For a bit of context, the first time I built a computer, 10 years-or-so ago, I completely, utterly cocked it. I actually managed to screw the motherboard directly into the chassis, rather than onto the mounting thingies, promptly shorting the entire thing when I tried to turn it on. Not an auspicious start.
My next build was considerably better, but still took me the best part of a day to complete, with much stress and fiddling about, all the while convinced I was breaking everything and throwing away hundreds of pounds of kit.
This time round, it took me an hour and a half. And that was partly due to working in a tiny room crowded with random toddler paraphernalia.
I’m not sure whether I’m more adept at fiddling around inside a computer case or whether computers have simply got easier to self-build (I suspect a bit of both), but either way I was very pleasantly surprised.

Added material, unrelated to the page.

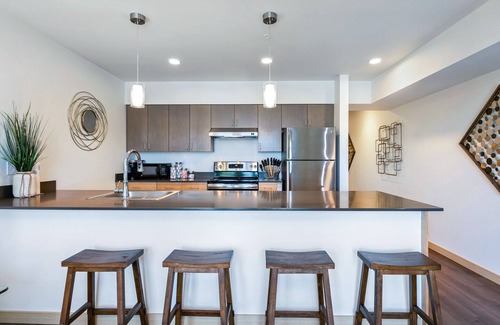 North Beacon Hill Apartment | ★NEW★ 2mi→Downtown★ Balcony+Rooftop Views★ WiFi★ W/D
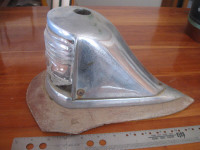 Greavette bow light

Motherboards have changed a lot since I bought my last system. You can use a mouse in the BIOS! Quite remarkable. The Z97-A has a bunch of built-in overclocking gubbins which seems to have done a good job. Still, I was expecting minimal noticeable benefits in games – this was more about getting up to date, hopefully improving loading times due to DDR3 and faster SATA connections.
Instead, the two games which were really taxing my old system – Titanfall and Star Citizen – have gone from barely playable on low settings to running rather smoothly on very high. It’s a massive, massive change and very welcome indeed.
Funnily enough, RPS published an article today with CPU recommendations, their main one being the one I just purchased. So I guess I did my research properly!